Kshama Sawant (left), Seattle city council member and socialist, addresses protesters on November 9, 2016, in Seattle, Washington. Photo by Karen Ducey/Getty Images

It is absolutely a historic duty to resist Trump's agenda. But in order to resist, in order to actually be successful in taking society away from the direction that Trump and the right-wing agenda is, we have to recognize why we are here in the first place. We are here because of a complete inability and failure and betrayal of the Democratic Party Establishment. Even though they knew that at this moment there is a move for social change, that in order to win against Trump they had to run a candidate like Bernie Sanders, who's actually going to present an alternative to the corporate domination of politics, even though they knew all this, they ended up running the worst possible candidate for this moment. They are enveloped in this cocoon of hubris [built on] their association with the billionaire class. They played a dangerous game with our futures, and they lost. So the only way to make sure we don't lose to is to build a mass resistance from below. Both the parties have failed us, and in order to fight the right, we need a new party.

We [also] need to organize for peaceful mass protests in every city across the country.

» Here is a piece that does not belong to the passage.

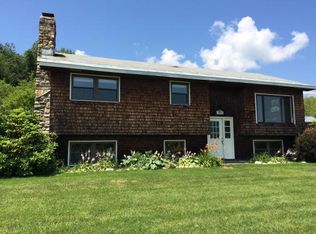 453 W Mountain Rd, Shaftsbury, VT 05262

That means courageous peaceful walkouts for college students. Saturday the 21st [of January] we are calling for mass demonstrations, peaceful demonstrations, in Washington, DC.

Bill McKibben
environmentalist, founder of

We're gonna have to come to terms with the fact that we're going to lose a lot of fights, especially in the first part of the Trump years. He's filling his cabinet with bad people who are going to do bad things. One of the things we have to do is make sure that we fight at every turn and that people understand, even if we're losing things, understand the stakes so they really have a good sense of what's going on. People need to understand that if he rejects the Paris Agreement [on climate change], he's making an enormous wager that goes against what all the scientists are telling him to do. Those are things that are important for people to understand—kind of for historic reasons and also because it'll make it easier to organize going forward.

This was a horribly hard fight before last Tuesday, without any guarantees we were going to win it. And that fight got harder. Climate change, in the best of circumstances, we're going to be fighting it for the next many decades.


When we can make strong moral stands, we do out in places like Standing Rock [where Native Americans are protesting a planned pipeline]. Those are good in and of themselves. If there's any chance, it'll lie in reframing the debate in those ways, over next few years. Standing Rock is a very spiritual place, that encampment out there, with a lot of people in prayer. I think both activism and prayer are well warranted in this case.

Fahd Ahmed
executive director, Desis Rising Up and Moving (DRUM)

Photo courtesy of DRUMNYC

DRUM is a membership-based organization of South Asian immigrants, workers, and youth—a majority of whom are Muslim, a majority of whom are undocumented and a majority of whom are women. So our members are feeling triply targeted in this period and the days to come. So for us, our primary question is: Can we rely on the existing systems to protect us—the police, the courts? And historically the answer to that—even currently—has been no. It's the same police that surveilled us, the same courts that unjustly prosecute our people. And that's even more so in the coming period.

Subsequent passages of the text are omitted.